Concurrency with Kafka and Spring Boot
This article will teach you how to configure concurrency for Kafka consumers with Spring Boot and Spring for Kafka. Concurrency in Spring for Kafka is closely related to the Kafka partitions and consumer groups. Each consumer within a consumer group can receive messages from multiple partitions. While a consumer inside a group uses a single thread, the group of consumers utilizes multiple threads to consume messages. Although each consumer is single-threaded, the processing of records can leverage multiple threads. We will analyze how to achieve it with Spring Boot and Spring for Kafka.

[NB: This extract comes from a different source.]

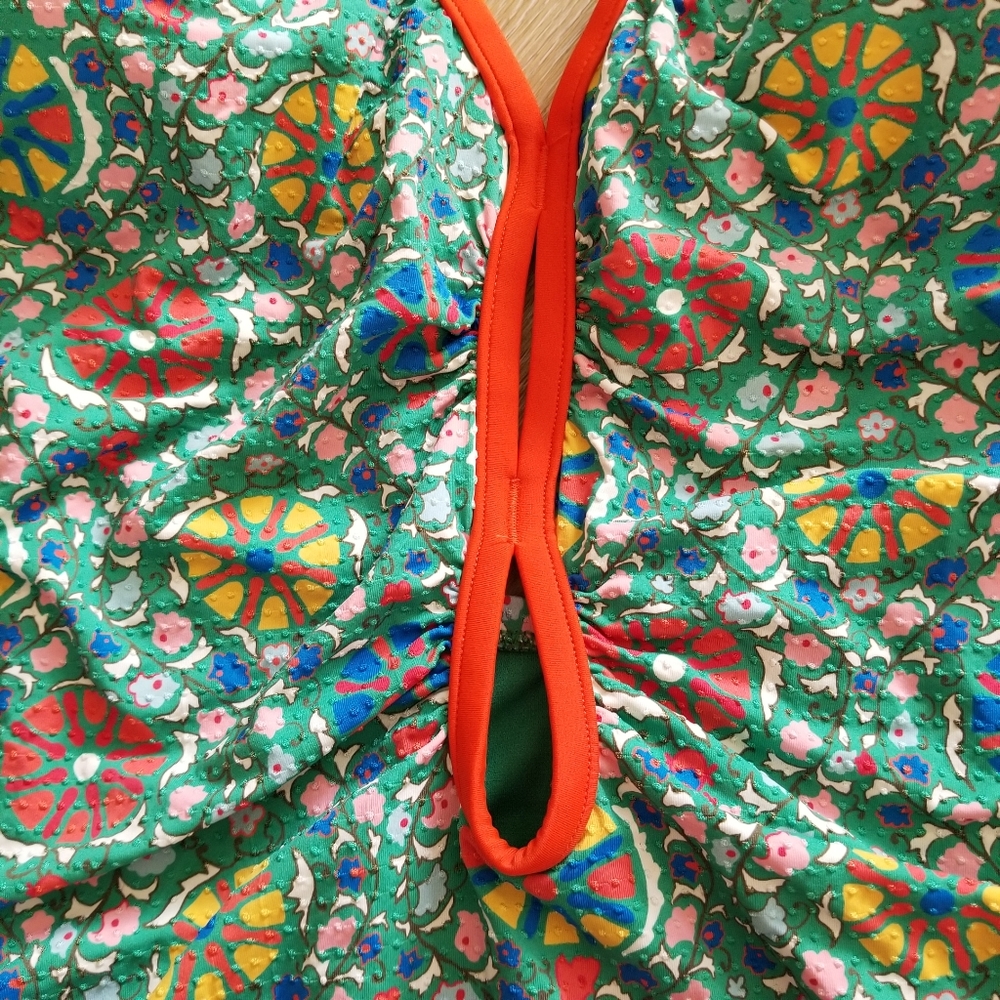 RHODE Green Multicolor Halter One-Piece Swimsuit with Orange Trim - Picture 4 of 9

The topic described today, concurrency with Kafka and Spring Boot, rather deals with the basic issues. If you are looking for something more advanced in this area, you can read some of my other articles. In that article, you can find information about Kafka Streams and the Spring Cloud Stream project. You can also read more about Kafka transactions with Spring Boot in the following article.
Source Code
If you would like to try it by yourself, you may always take a look at my source code. In order to do that you need to clone my GitHub repository. Then you should go to the no-transactions-service
directory. After that, you should just follow my instructions. Let’s begin.
Prerequisites
We will use three different tools in the exercise today. Of course, we will create the Spring Boot consumer app using the latest version of Spring Boot 3 and Java 19. In order to run Kafka locally, we will use Redpanda – a platform compatible with Kafka API. You can easily start and manage Redpanda with their CLI tool – rpk
. If you want to install rpk
on your laptop please follow the installation instructions available here.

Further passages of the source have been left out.